* [What to produce]
Down to the last line below, write out every line exactly, starting with the one that contains "East West Furniture" and leaving out the pictures.

* [Collected data]
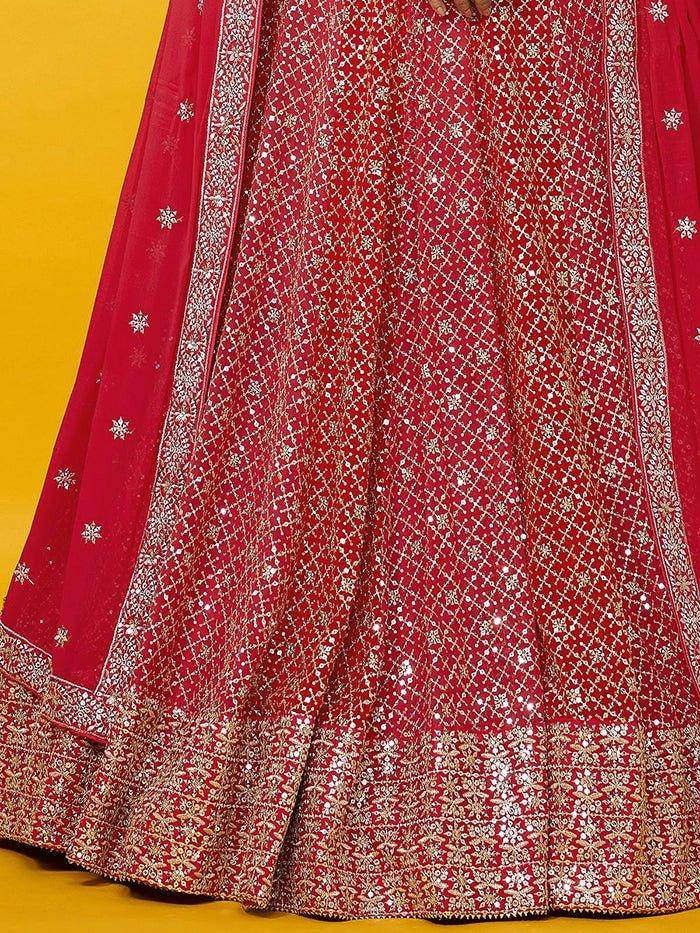 Adorable Red Sequins Georgette Wedding Lehenga Choli With Dupatta - Ethnic Plus In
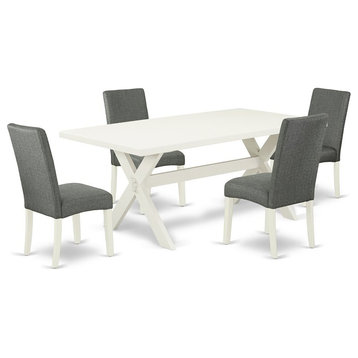 East West Furniture X-Style 5-piece Wood Dinette Set in Gray Finish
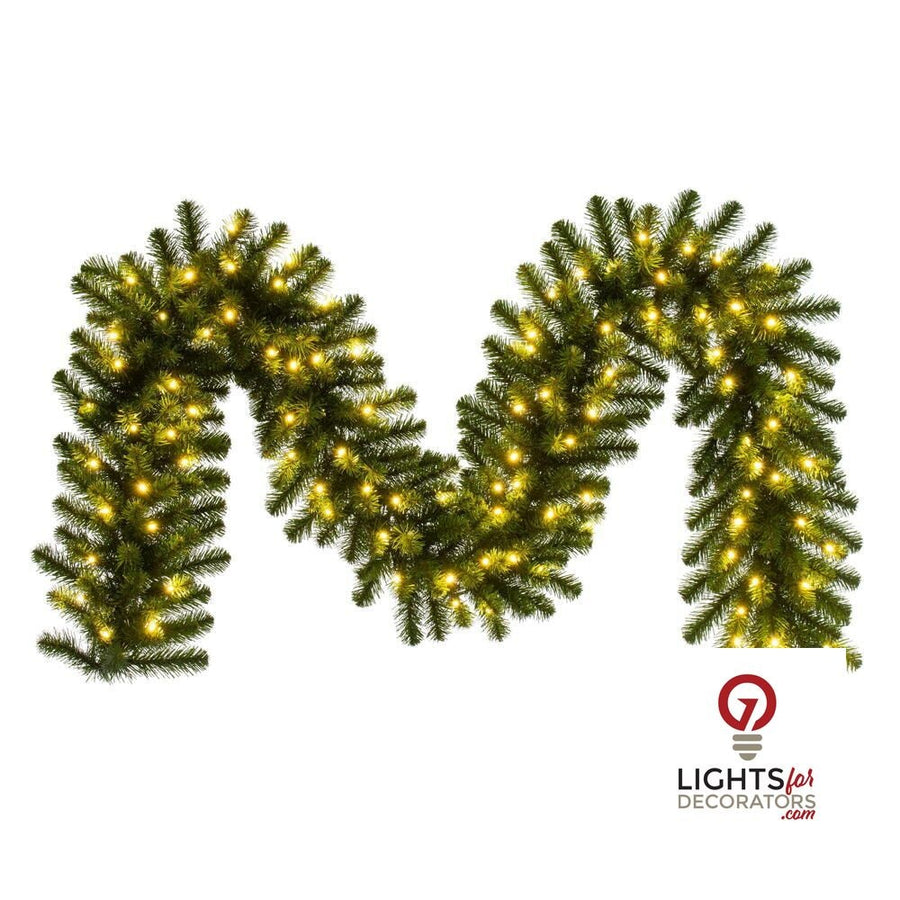 9' x 14" Warm White Dense Forest Pine Garland 9'- 14"- Warm White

* [Task output]
 East West Furniture X-Style 5-piece Wood Dinette Set in Gray Finish
 9' x 14" Warm White Dense Forest Pine Garland 9'- 14"- Warm White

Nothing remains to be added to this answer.